*Data provided*.
*** Block opens ***

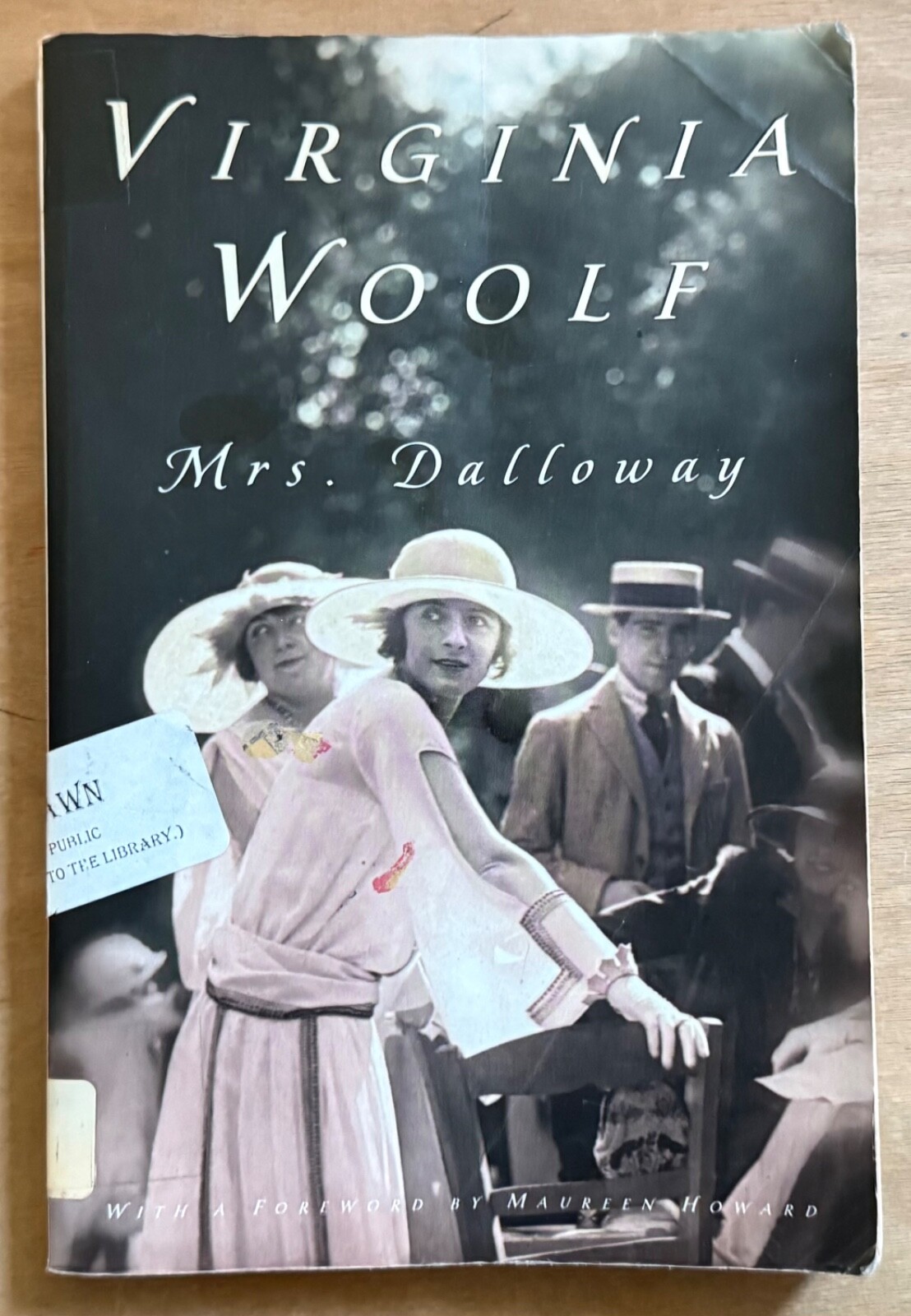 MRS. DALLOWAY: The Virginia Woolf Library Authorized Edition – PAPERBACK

*** Block closes ***
*** Block opens ***

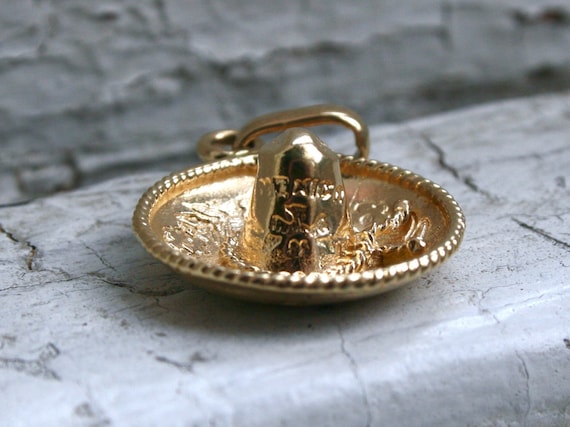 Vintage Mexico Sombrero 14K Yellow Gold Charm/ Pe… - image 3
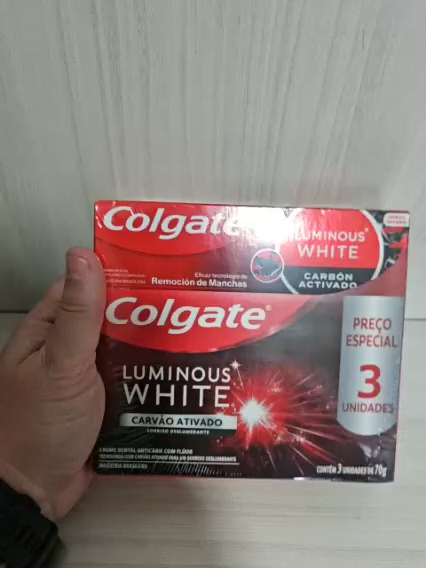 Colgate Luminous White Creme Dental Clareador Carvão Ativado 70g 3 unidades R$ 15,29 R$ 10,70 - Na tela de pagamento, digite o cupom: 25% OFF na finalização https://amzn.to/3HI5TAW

*** Block closes ***

Starting with the line above that holds "Vintage Mexico Sombrero", restate each line word for word up to and including the line that holds "Colgate Luminous White". Drop the pictures.

*Solution*.
 Vintage Mexico Sombrero 14K Yellow Gold Charm/ Pe… - image 3
 Colgate Luminous White Creme Dental Clareador Carvão Ativado 70g 3 unidades R$ 15,29 R$ 10,70 - Na tela de pagamento, digite o cupom: 25% OFF na finalização https://amzn.to/3HI5TAW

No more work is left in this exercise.